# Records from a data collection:
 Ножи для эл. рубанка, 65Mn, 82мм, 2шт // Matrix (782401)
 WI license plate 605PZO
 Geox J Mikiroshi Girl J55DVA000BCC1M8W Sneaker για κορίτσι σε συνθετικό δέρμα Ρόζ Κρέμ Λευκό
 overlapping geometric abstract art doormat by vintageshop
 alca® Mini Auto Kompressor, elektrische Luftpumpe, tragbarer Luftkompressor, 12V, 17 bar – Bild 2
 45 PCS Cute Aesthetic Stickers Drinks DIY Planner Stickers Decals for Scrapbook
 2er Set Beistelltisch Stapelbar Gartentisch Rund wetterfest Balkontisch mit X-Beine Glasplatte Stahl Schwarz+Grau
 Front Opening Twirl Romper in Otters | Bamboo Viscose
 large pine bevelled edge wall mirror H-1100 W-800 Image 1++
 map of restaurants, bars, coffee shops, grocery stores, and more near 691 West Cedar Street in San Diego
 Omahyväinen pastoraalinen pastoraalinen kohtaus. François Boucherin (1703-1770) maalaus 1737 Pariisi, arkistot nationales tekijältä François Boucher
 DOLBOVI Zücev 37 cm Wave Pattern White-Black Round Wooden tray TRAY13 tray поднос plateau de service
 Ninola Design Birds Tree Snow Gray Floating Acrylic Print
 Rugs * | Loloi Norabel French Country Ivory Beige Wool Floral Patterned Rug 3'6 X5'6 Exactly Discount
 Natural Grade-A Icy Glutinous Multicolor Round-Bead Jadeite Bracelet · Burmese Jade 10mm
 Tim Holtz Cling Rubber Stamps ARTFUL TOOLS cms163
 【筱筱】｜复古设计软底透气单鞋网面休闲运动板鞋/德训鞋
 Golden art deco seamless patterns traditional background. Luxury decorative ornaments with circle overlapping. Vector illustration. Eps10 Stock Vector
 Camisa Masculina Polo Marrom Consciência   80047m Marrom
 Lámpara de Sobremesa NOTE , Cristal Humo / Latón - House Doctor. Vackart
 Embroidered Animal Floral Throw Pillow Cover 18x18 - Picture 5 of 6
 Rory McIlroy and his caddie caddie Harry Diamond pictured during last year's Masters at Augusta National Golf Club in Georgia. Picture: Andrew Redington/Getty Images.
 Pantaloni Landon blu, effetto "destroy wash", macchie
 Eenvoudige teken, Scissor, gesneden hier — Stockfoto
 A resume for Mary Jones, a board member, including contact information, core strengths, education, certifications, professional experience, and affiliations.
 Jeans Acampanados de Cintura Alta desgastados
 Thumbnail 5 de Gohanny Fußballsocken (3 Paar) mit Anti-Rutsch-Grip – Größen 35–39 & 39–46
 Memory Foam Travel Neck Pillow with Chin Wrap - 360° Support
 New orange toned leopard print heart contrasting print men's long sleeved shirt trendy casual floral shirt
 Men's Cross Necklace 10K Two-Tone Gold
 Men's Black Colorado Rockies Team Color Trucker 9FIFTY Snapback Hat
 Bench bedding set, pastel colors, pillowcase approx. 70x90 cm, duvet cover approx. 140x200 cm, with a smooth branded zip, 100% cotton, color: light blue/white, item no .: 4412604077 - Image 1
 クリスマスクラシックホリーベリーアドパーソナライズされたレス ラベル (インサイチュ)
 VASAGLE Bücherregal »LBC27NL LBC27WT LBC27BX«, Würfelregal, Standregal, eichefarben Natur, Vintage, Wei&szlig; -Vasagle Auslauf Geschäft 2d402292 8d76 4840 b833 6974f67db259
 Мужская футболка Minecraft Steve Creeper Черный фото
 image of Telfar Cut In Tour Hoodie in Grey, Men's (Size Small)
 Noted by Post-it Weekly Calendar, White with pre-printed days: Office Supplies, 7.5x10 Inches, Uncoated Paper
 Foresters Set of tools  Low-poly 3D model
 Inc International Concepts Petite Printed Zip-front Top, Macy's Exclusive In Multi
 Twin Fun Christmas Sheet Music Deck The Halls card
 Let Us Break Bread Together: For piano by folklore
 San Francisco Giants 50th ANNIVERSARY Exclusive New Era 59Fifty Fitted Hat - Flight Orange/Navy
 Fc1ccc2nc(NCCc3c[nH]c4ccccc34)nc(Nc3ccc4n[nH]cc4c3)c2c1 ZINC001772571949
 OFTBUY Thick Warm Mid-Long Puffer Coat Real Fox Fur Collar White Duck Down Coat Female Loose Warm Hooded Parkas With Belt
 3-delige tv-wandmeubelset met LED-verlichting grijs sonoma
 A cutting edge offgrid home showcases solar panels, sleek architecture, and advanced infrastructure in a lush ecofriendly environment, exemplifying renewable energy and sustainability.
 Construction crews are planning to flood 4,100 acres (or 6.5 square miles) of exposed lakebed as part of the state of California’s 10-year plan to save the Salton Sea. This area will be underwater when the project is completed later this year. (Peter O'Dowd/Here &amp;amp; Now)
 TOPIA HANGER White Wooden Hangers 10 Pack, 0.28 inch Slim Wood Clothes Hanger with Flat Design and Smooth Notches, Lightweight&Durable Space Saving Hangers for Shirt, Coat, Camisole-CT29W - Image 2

# Task item:
An exact copy of the lines above, from the one containing "Geox J Mikiroshi" down to the one containing "large pine bevelled" and including both, is the whole answer; retype it and nothing else.

# Result:
 Geox J Mikiroshi Girl J55DVA000BCC1M8W Sneaker για κορίτσι σε συνθετικό δέρμα Ρόζ Κρέμ Λευκό
 overlapping geometric abstract art doormat by vintageshop
 alca® Mini Auto Kompressor, elektrische Luftpumpe, tragbarer Luftkompressor, 12V, 17 bar – Bild 2
 45 PCS Cute Aesthetic Stickers Drinks DIY Planner Stickers Decals for Scrapbook
 2er Set Beistelltisch Stapelbar Gartentisch Rund wetterfest Balkontisch mit X-Beine Glasplatte Stahl Schwarz+Grau
 Front Opening Twirl Romper in Otters | Bamboo Viscose
 large pine bevelled edge wall mirror H-1100 W-800 Image 1++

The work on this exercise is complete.